Classic Movies as Literature
Are your teens able to analyze literature? Can they articulate why they like or don't like a movie? If not, they may find themselves accepting a jumble of philosophies without really thinking. Stories entertain, but they also teach. By developing the ability to critique movies, teens will not only be better protected from absorbing wrong influences, but will be better able to analyze any literature. This workshop includes a discussion of story elements and film techniques, questions to ask, and movies that can be used for students ages 13-18.

Developing Attitudes and Habits: What’s Important—And When
There’s a best time for developing attitudes and habits that affect not only your child’s character, but also his ability to learn beyond high school. If bad habits have already been acquired there are techniques to replace them with good ones. Kathryn shares specific goals, explains their importance, and provides teaching strategies to reach those objectives. This workshop is a must not only for those wanting to get the right start, but for anyone teaching a child between ages 11and 14 that has been in a public school.

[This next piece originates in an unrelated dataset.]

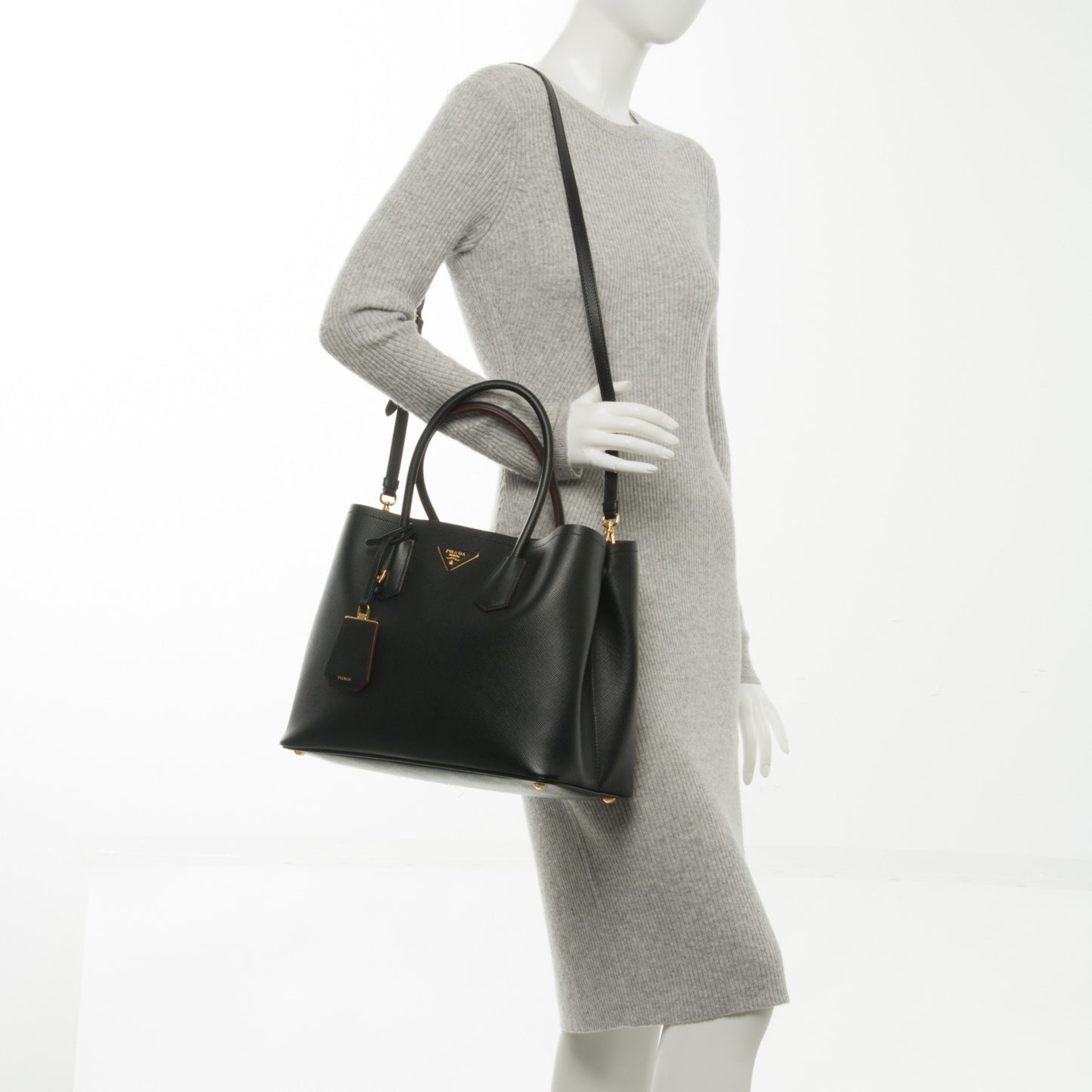 Saffiano Cuir Large Double Bag Black Fuoco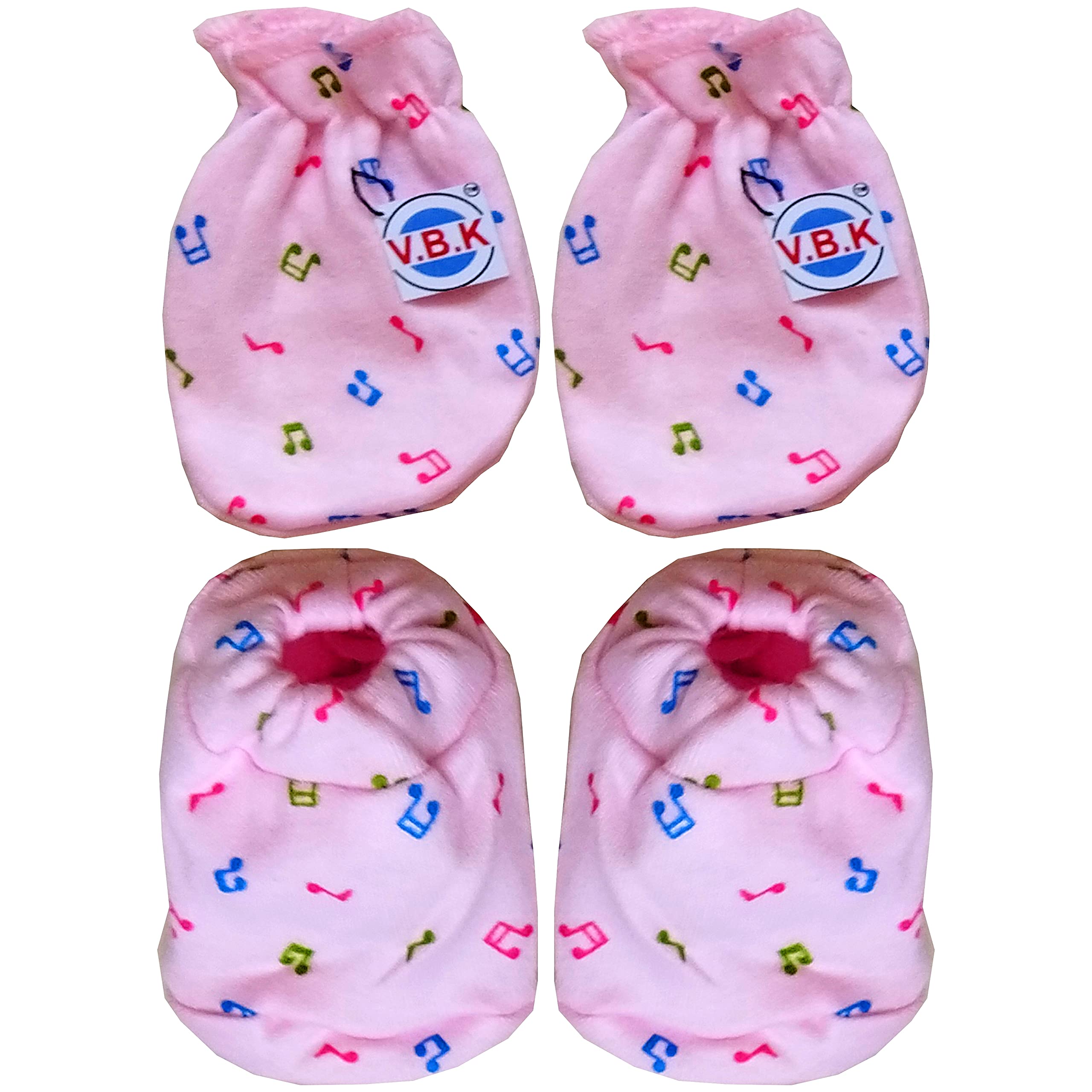 V.B.K® Baby Boys and aBaby Girls Mittens and Booties Combo Set, Pure Hosiery Soft Fabric Material, 0 to 6 Months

Homeschooling the Challenging Child
Kathryn Stout describes methods for effectively teaching children that seem to require a great deal of one-on-one attention. This includes children who are gifted, those who have difficulty with understanding and/or retention, those that can’t seem to pay attention, and children who just seem to protest everything you assign. Specific suggestions are made for balancing your time so that your other children are not neglected.

How to Teach Composition
Every child should be able to express himself logically and succinctly. Kathryn shows
you how to teach composition so that even kids who "hate to write" will change their minds. Practical suggestions include how to remove common obstacles to good writing, ways to hone skills at a pace comfortable for each child, and ideas for tying composition topics to other subject areas to keep writing relevant (and save you teaching time). She also gives keys to evaluation so that you can help your children build skills instead of simply completing assignments.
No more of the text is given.